Reconciliation is so far away. And now is not the right time. We are so distant from each other, miles and miles apart, even though we live next door. How do we move closer? How to begin at the beginning? Hello, my name is. Nice to meet you. Where are you from?
An RCMP officer banged on the door of a trailer to tell Colten Boushie’s Mom that her son had been killed. He is deceased, the officer said. Officers came into her trailer and searched it. Opened all the doors and cupboards. Meanwhile, Colten’s mother collapsed on the floor. Get yourself together, the officer said. Have you been drinking? He smelled her breath. Asked Colten’s brothers, Have you been drinking?
Gerald Stanley, the farmer who shot Colten, didn’t know him. He used a semi-automatic handgun. He didn’t ask, How do you do? Where are you from? The kids in the pickup didn’t know that farmer either. No one sat down and introduced themselves.
Margaret McKeown, my grandmother, kept a rifle filled with rock salt in her bedroom. When drunk fishermen came to the house to steal farming equipment, she opened the window, shot them in the butt and watched them run away.
Would the RCMP officer have helped Colten’s mother up, made her tea and held her hand if he could see she was a Mom? Not a criminal but a mother? If we don’t know each other, there is nothing to reconcile, only hard words, stony ground. Walls with no doorways leading through. No garden on the other side, that we could walk in together.
I know of a town and a reserve. The mayor and his son went on a canoe trip with the chief and his son. They travelled together on that rushing river, adventuring to a place they had never been. It is part of the process of creating. To build a community centre, a hockey rink. Something that wasn’t there before. To make a place where strangers can sit side by side and ask, How are you?

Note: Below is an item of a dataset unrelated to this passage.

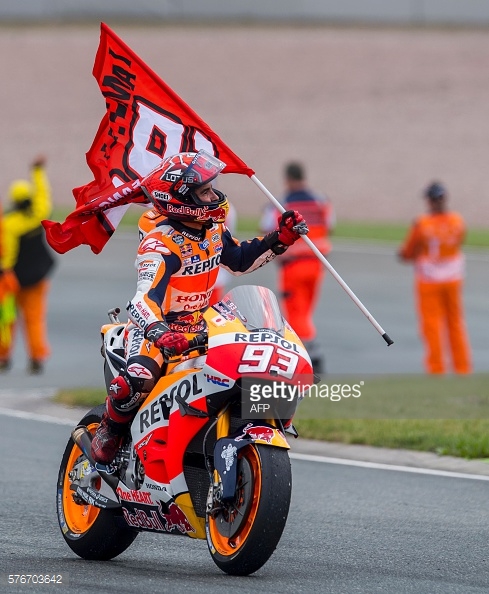 Marquez celebrating his win - Getty Images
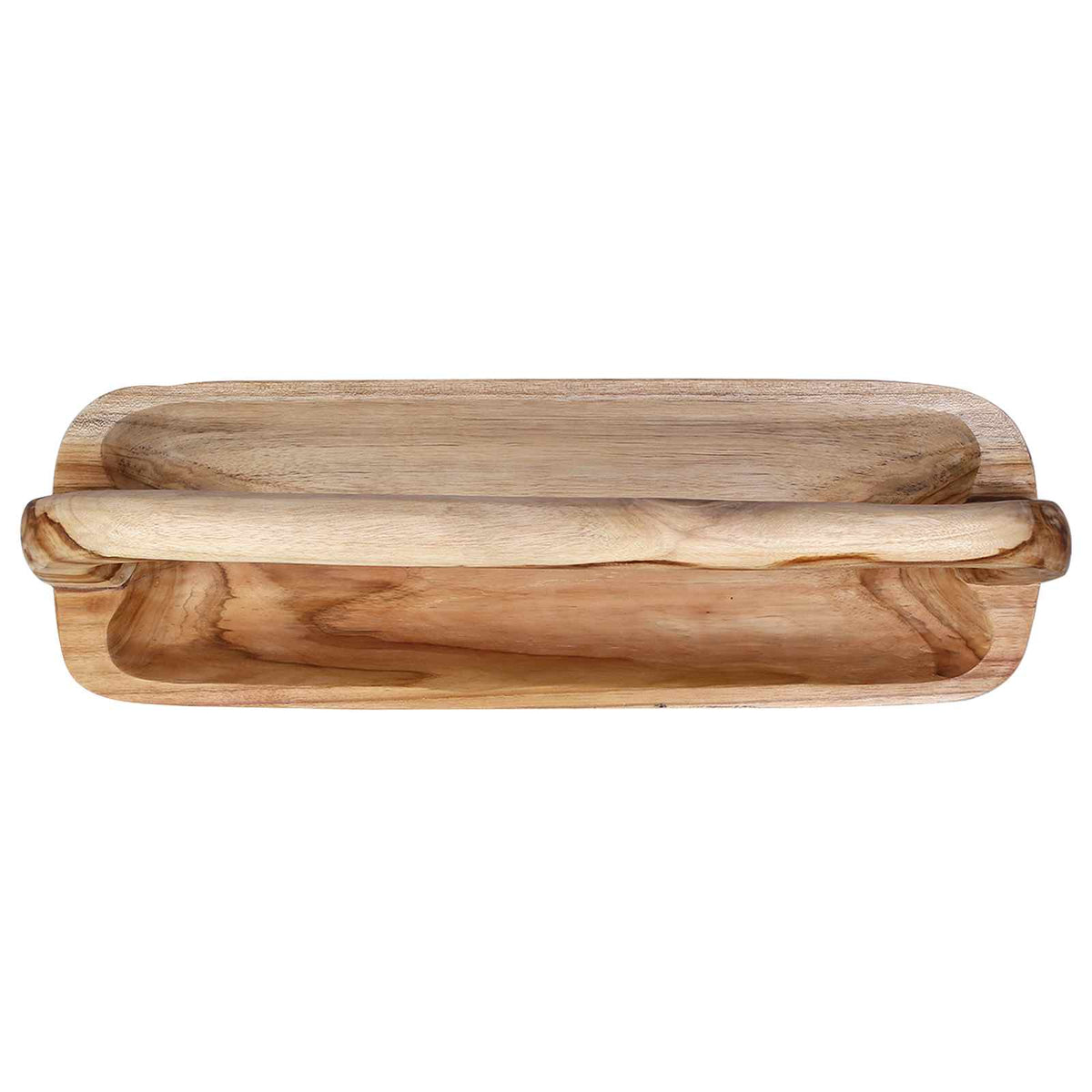 vidaXL Fruit Bowl JEPARA Teak Brown 61 x 21 x 21 cm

Rock salt hurts like hell. A Tokarev semi-automatic kills or maims. In the absence of knowing each other, comes the warning shot from the ramshackle farmhouse in a bush clearing. Comes the bullet through the window of the pickup truck. The problem is always the same and keeps repeating. Gerald Stanley’s wife says This is private property. What did you expect? Colten’s mother says We share the land. You say you killed him for trespassing. You violated the treaty. Nobody owns the land.
We are side by side in a place of stories – some shared, some growing out of this ground, in this old place, on land that belongs to no one. It is not the right time. It’s the only time. How do we get close enough to each other? Close enough to tell the old stories, close enough so we can hear them, be claimed by them and find ourselves changed?